Gabriel Bitran, 70, of Newton, and his son, Marco Bitran, 40, of Brookline, were each sentenced to 45 months in prison, three years of supervised release, and forfeiture and restitution of over $11 million, authorities said Wednesday. Gabriel Bitran was once a professor and the associate dean of MIT’s Sloan School of Business, and Marco Bitran is a money manager who earned a degree from Harvard Business School.
The pair pleaded guilty last year to securities fraud and obstruction of justice in connection to the hedge fund scam, The Boston Globe reported.
The Bitrans launched their hedge fund business in 2005 and operated it through 2011, soliciting investments by falsely stating that they had been in business for eight years, authorities said. They told potential investors that they had delivered investment returns that ranged between 16 and 23 percent using a model Gabriel Bitran had developed at MIT to guide their investments and said they had evaded any down years during that period, according to the U.S. Attorney’s office.
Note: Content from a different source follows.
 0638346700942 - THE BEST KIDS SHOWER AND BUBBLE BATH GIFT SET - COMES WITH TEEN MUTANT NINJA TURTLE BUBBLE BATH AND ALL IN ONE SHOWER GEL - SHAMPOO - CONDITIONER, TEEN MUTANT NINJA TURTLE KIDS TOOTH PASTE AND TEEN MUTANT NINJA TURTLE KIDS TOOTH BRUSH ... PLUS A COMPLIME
Over those six years, the Bitrans raked in $500 million in investments, personally taking millions in management fees — even when the hedge fund was operating at significant losses, authorities said. In 2008, the Bitrans lost between 50 and 75 percent of their investors’ principals, yet refused to pull the remaining money — even at investors’ requests, according to the U.S. Attorney’s office.
At the same time, the Bitrans removed about $12 million of their own money from the fund, shielding their personal finances from the faltering fund, authorities said.
Authorities began to investigate the Bitrans just as their business was taking a turn for the worst. The United States Securities and Exchange Commission (SEC) requested the two turn over documents that supported their claims of successful earning rates, and the Bitrans responded with distorted records, making false statements in regard to the status of the investments, according to the U.S. Attorney’s office.
Meanwhile, the two openly acknowledged the scam to one another in emails, released by the U.S. Attorney’s office.
“We have mislead [sic] a lot of people with a range of statements that were incorrect simply to increase our income,’’ Gabriel Bitran wrote to his son in 2009. “A person with the experience and knowledge of the financial sector and a veteran professor of MIT should not have engaged in this type of behavior . . . They are not idiots, they know that we mislead [sic]. The penalty for this type of action is Full restitution, which obviously we cannot afford.’’
Still, the scheme continued. Throughout the next two years, the Bitrans moved their assets from the hedge fund and their businesses to places where their names would be harder to pinpoint — sometimes using the name of a family member without his or her consent, authorities said.